__Requirement__
Please repeat the lines below, exactly and only, from the one that holds "The gold box" through the one that holds "This video is".

__Given data__
**********

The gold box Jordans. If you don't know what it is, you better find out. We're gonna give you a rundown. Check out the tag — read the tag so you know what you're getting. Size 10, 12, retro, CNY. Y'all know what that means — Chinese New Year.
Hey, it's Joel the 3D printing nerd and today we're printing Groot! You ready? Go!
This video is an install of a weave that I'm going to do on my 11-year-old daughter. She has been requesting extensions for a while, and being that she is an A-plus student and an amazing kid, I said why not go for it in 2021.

**********

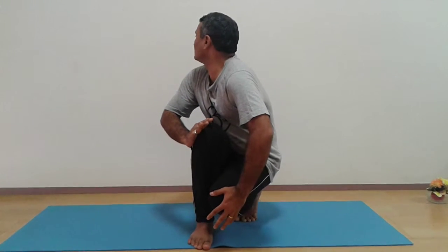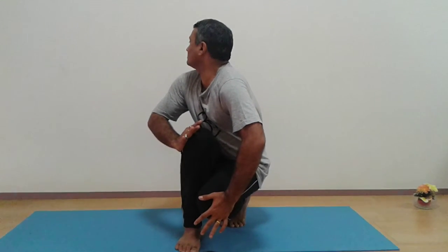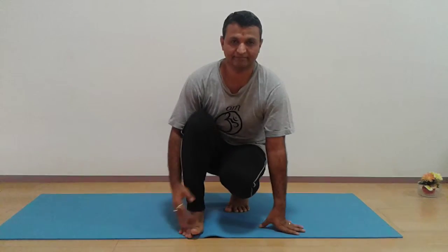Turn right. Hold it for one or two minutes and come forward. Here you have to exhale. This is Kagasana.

**********

__Reply__
The gold box Jordans. If you don't know what it is, you better find out. We're gonna give you a rundown. Check out the tag — read the tag so you know what you're getting. Size 10, 12, retro, CNY. Y'all know what that means — Chinese New Year.
Hey, it's Joel the 3D printing nerd and today we're printing Groot! You ready? Go!
This video is an install of a weave that I'm going to do on my 11-year-old daughter. She has been requesting extensions for a while, and being that she is an A-plus student and an amazing kid, I said why not go for it in 2021.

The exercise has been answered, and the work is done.